Source data:
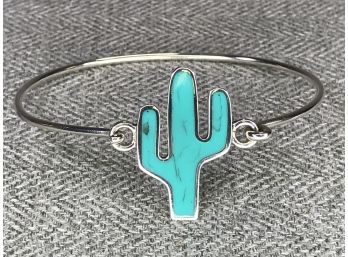 Vintage Sterling Silver / 925 Bracelet With Fabulous Turquoise Cactus - Made In Mexico - Very Nice Piece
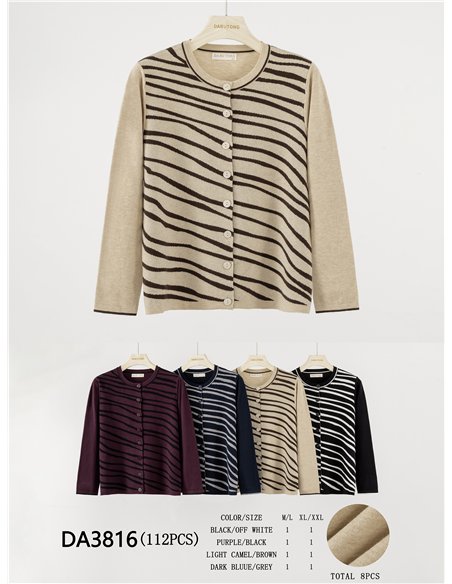 Chaqueta punto estampado cebra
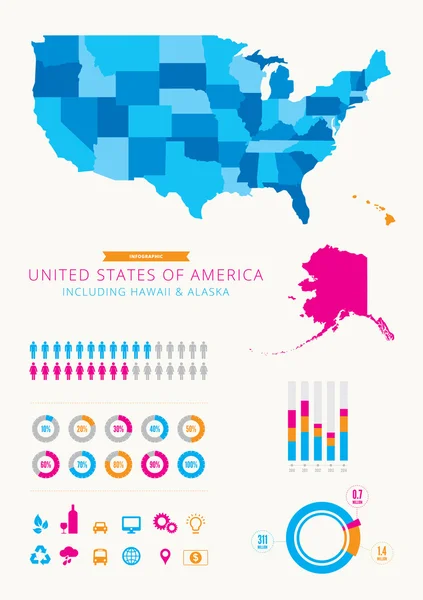 Stati Uniti d'America Infografica — Vettoriale Stock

The task:
What is needed here is an exact transcript of the data above, pictures excluded.

Solution to this exercise:
 Vintage Sterling Silver / 925 Bracelet With Fabulous Turquoise Cactus - Made In Mexico - Very Nice Piece
 Chaqueta punto estampado cebra
 Stati Uniti d'America Infografica — Vettoriale Stock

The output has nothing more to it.